US road fatalities mapped, 9 years

Posted to Maps  |  Tags: ,  |  Nathan Yau

For The Guardian, ITO World maps about 370,000 road-related deaths from 2001 through 2009, according to the National Highway Traffic Safety Association. The map is kind of rough around the edges, but it gets the job done. Easily zoom in to the location of choice either by clicking buttons, or type in the area you want in the search box. Zoom in all the way, and you’ll notice each accident is represented by an icon indicating type of accident, the age of the person who died, and year of crash.

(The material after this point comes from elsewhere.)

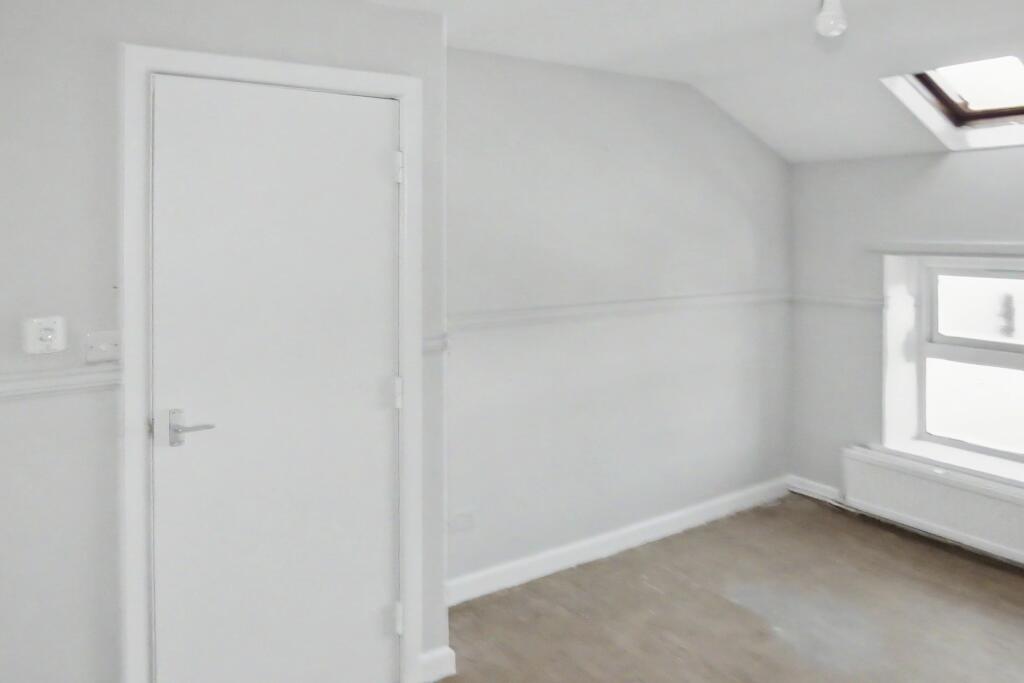 Apartment in Preston - View 5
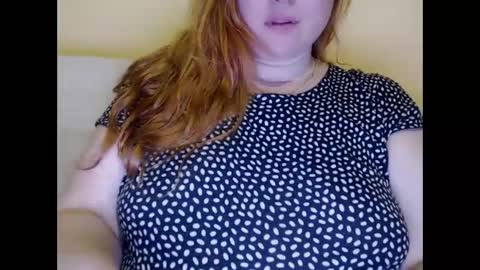 Snapshot of zara_red chatting on February 11, 12:36 pm Kate. if im not here im here foxy red333 online show from February 11, 12:36 pm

As you might expect, accidents are more concentrated at city centers and on highways. What I didn’t expect was all the pedestrians involved.

[Guardian and ITO World]

2 Comments

  • What’s great (in a mapping/data kind of way) about this is that Sturgis, SD lights up immediately. A good mapping should allow people who are not familiar with the information to gain insight and lead them to ask further questions like “Why so my motorcycle deaths in an area of South Dakota.”
    http://en.wikipedia.org/wiki/Sturgis_Motorcycle_Rally

    Hopefully this mapping can produce a change in the way to commute.

  • Andy Holaday November 30, 2011 at 4:38 pm

    Following on Kris’s observation, the analysis would be much more useful if it showed fatality rates, i.e., relative to some whole population. Sure, we expect more fatalities where there is more traffic. The compelling question is, how many fatalities per unit traffic (or whatever)?